Un jurado en Estados Unidos ha dictaminado que el gigante del entretenimiento Live Nation y su subsidiaria Ticketmaster ejercen un monopolio perjudicial sobre los principales recintos de conciertos, marcando una significativa derrota para la empresa en una demanda presentada por decenas de estados.
La decisión, emitida el miércoles por un jurado federal en Manhattan tras cuatro días de deliberación, ofrece una mirada sin precedentes a las operaciones de una compañía que domina la industria del entretenimiento en vivo tanto en Estados Unidos como a nivel internacional.
Live Nation Entertainment posee y opera cientos de recintos, además de controlar la contratación de artistas en muchos de ellos o tener participaciones accionarias. Por su parte, su filial Ticketmaster es ampliamente reconocida como la mayor vendedora de entradas para eventos en vivo a nivel mundial.
El caso civil, iniciado originalmente por el gobierno federal de Estados Unidos, acusó a Live Nation de utilizar su vasta influencia para sofocar la competencia, por ejemplo, impidiendo que los recintos trabajaran con múltiples proveedores de boletos.

“Es hora de exigirles cuentas”, manifestó Jeffrey Kessler, abogado de los estados, en su alegato final, al calificar a Live Nation como un “bully monopolístico” que eleva los precios para quienes compran boletos.
Live Nation insistió en que no es un monopolio y sostuvo que los artistas, los equipos deportivos y los recintos deciden los precios y las prácticas de venta de entradas. Un abogado de la empresa afirmó que su tamaño era simplemente resultado de la excelencia y el esfuerzo.
“El éxito no va en contra de las leyes antimonopolio en Estados Unidos”, señaló el abogado David Marriott en su conclusión.
Ticketmaster se fundó en 1976 y se fusionó con Live Nation en 2010. La empresa ahora controla el 86% del mercado de conciertos y el 73% del mercado total cuando se incluyen los eventos deportivos, según Kessler.
Ticketmaster ha suscitado desde hace tiempo la indignación de los fans y de algunos artistas. Los titanes del grunge Pearl Jam se enfrentaron al negocio en la década de 1990, e incluso presentaron una queja antimonopolio ante el Departamento de Justicia de Estados Unidos, que entonces declinó llevar el caso.
Décadas después, el Departamento de Justicia, junto con decenas de estados, presentó la demanda actual durante el gobierno del entonces presidente demócrata Joe Biden. A los pocos días de iniciado el juicio, el gobierno del presidente republicano Donald Trump anunció un acuerdo para resolver sus reclamaciones contra Live Nation.

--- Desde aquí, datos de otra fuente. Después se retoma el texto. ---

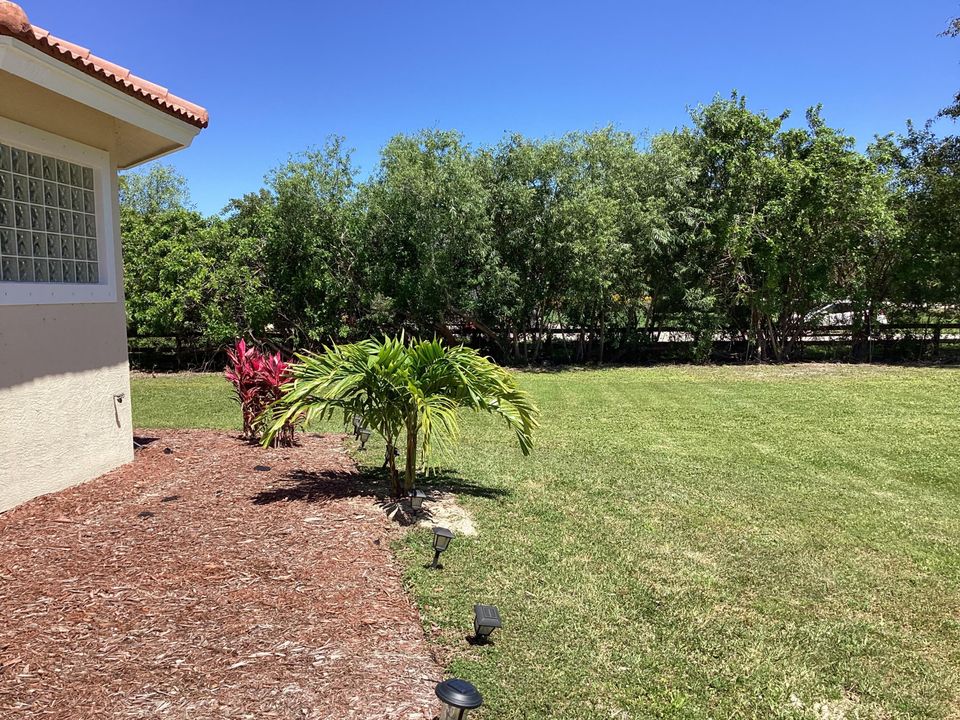 Active With Contract: $5,000 (3 beds, 2 baths, 2757 Square Feet)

El acuerdo incluyó un tope a las tarifas de servicio en algunos anfiteatros, además de nuevas opciones de venta de entradas para promotores y recintos, lo que potencialmente les permitiría, aunque sin obligarlos, abrir la puerta a competidores de Ticketmaster como SeatGeek o AXS. Pero el acuerdo no obliga a Live Nation a separarse de Ticketmaster.
Un puñado de estados se sumó al acuerdo. Pero más de 30 siguieron adelante con el juicio, al afirmar que el gobierno federal no obtuvo suficientes concesiones de Live Nation.

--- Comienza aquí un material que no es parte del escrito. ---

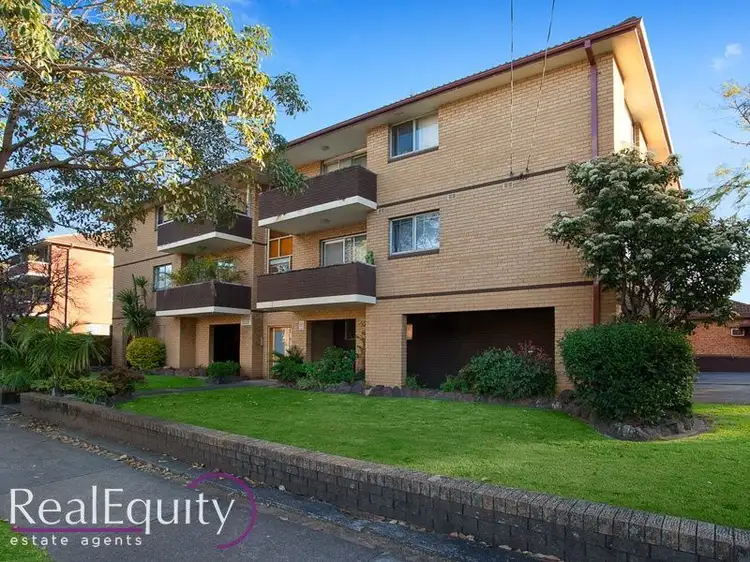 2/76 The Boulevard, Lakemba NSW 2195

El juicio llevó al estrado al director general de Live Nation, Michael Rapino, a quien interrogaron sobre asuntos que incluyeron el fiasco de la venta de entradas de Taylor Swift en 2022. Rapino culpó a un ciberataque.

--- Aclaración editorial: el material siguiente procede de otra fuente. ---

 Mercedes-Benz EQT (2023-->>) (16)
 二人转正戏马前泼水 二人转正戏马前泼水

En el proceso también se difundieron mensajes internos de un ejecutivo de Live Nation en los que declaraba que algunos precios eran “escandalosos”, calificaba a los clientes de ser “tan estúpidos” y se jactaba de que la empresa “les está robando a manos llenas, baby”. El ejecutivo, Benjamin Baker, testificó con tono de disculpa que los mensajes eran “muy inmaduros e inaceptables”.